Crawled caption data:

+++

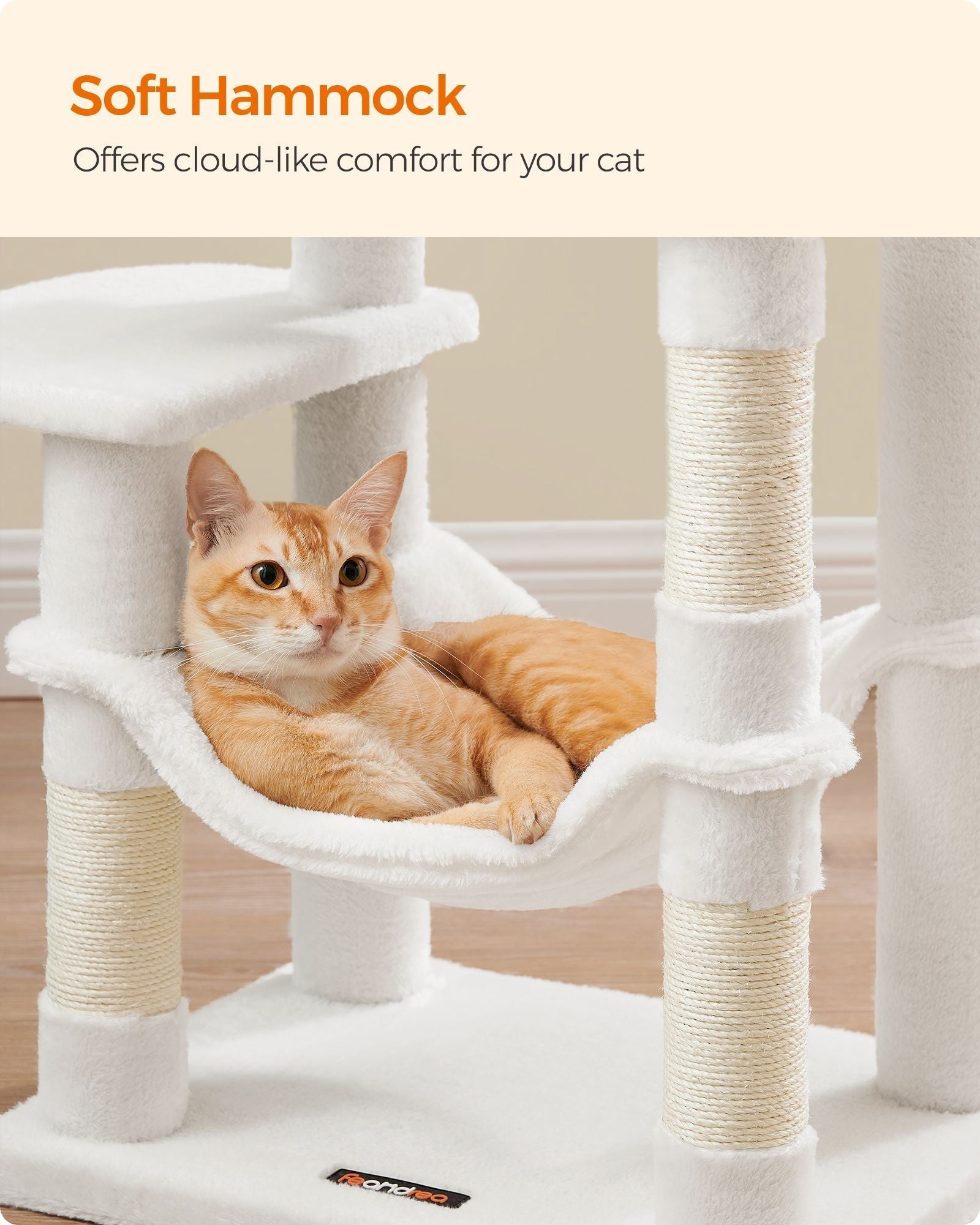 Cat Tree - 112 cm with Hammock - Wood - Light Grey
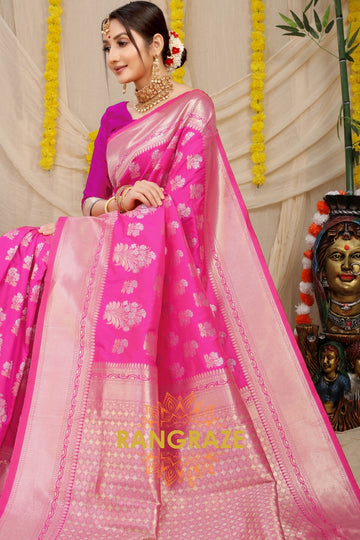 Magenta Pink Banarasi Silk Saree With Zari Pallu And Border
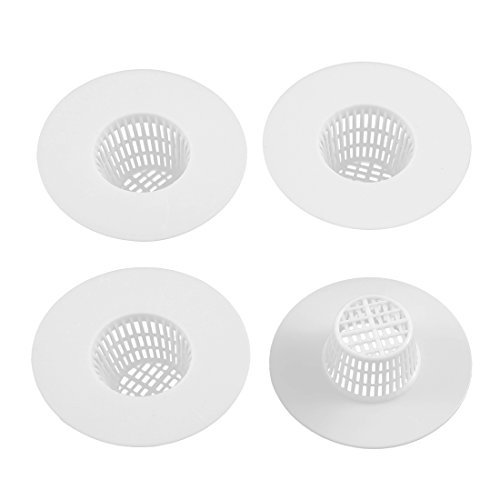 Bundle of 4 White Plastic Drain Hair Stoppers for Efficient Flow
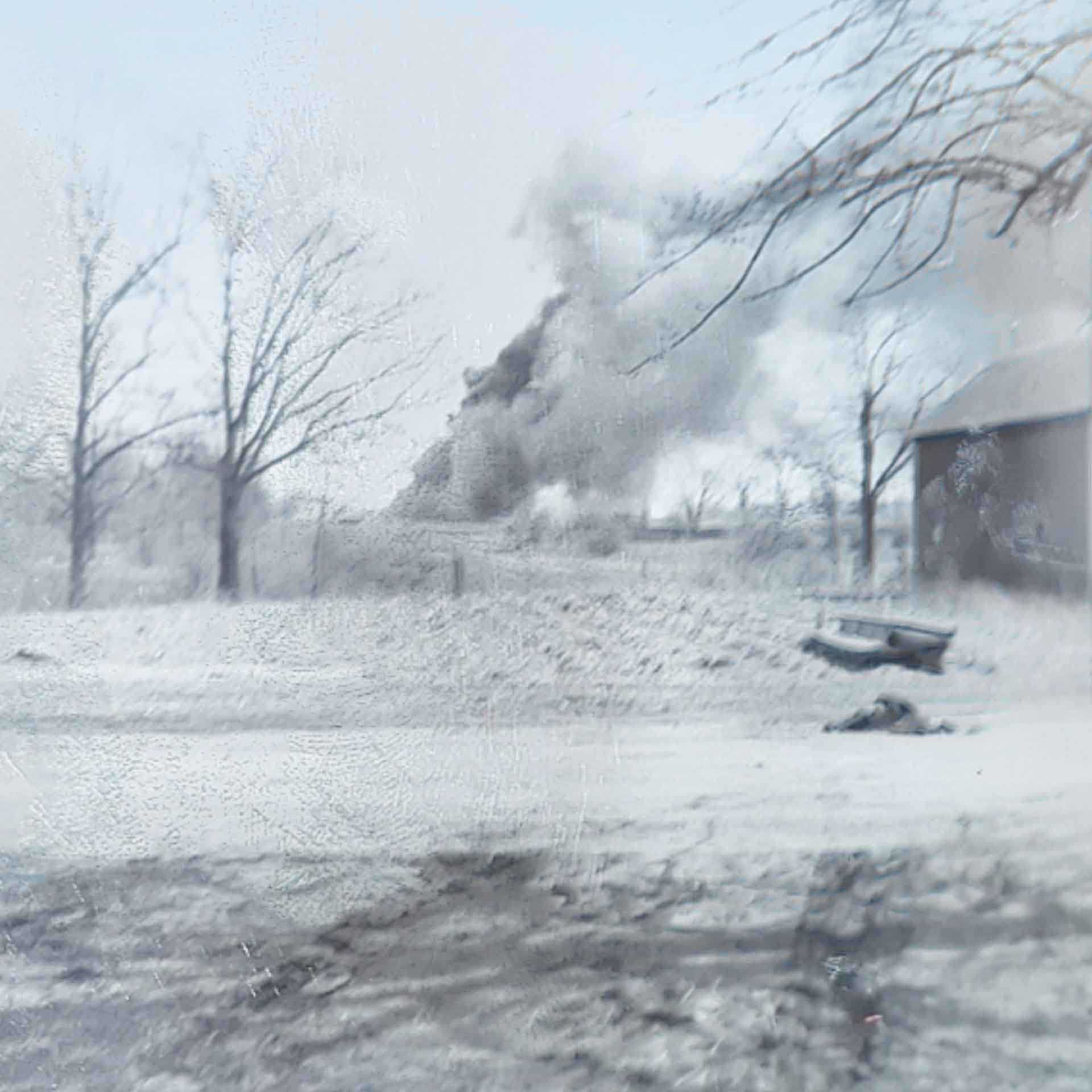 Cooks Farm Dairy Barn on fire 1950's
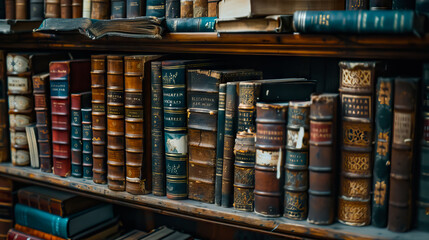 old books on wooden shelf. - obrazy, fototapety, plakaty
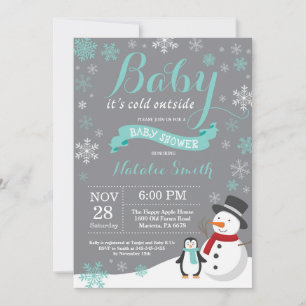 Convites Bebê Está Frio Lá Fora Inverno Bebê Chuveiro Aqua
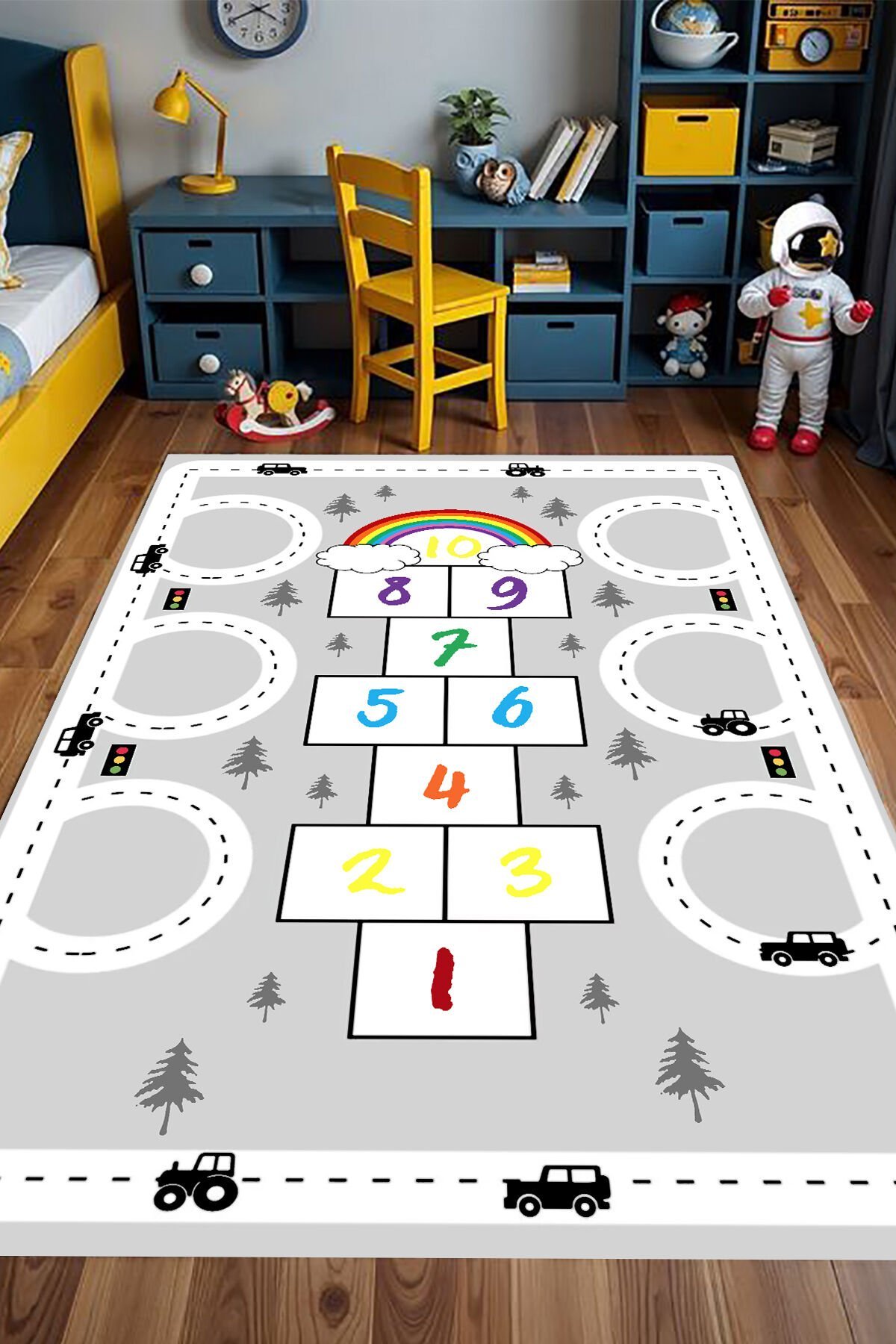 Trafik ve Gökkuşağı Seksek Çocuk Halısı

+++

TASK: Your answer must be exactly the lines from the one containing "Convites Bebê Está" through the last line of the records above, both included, with every picture left out.

ANSWER:
 Convites Bebê Está Frio Lá Fora Inverno Bebê Chuveiro Aqua
 Trafik ve Gökkuşağı Seksek Çocuk Halısı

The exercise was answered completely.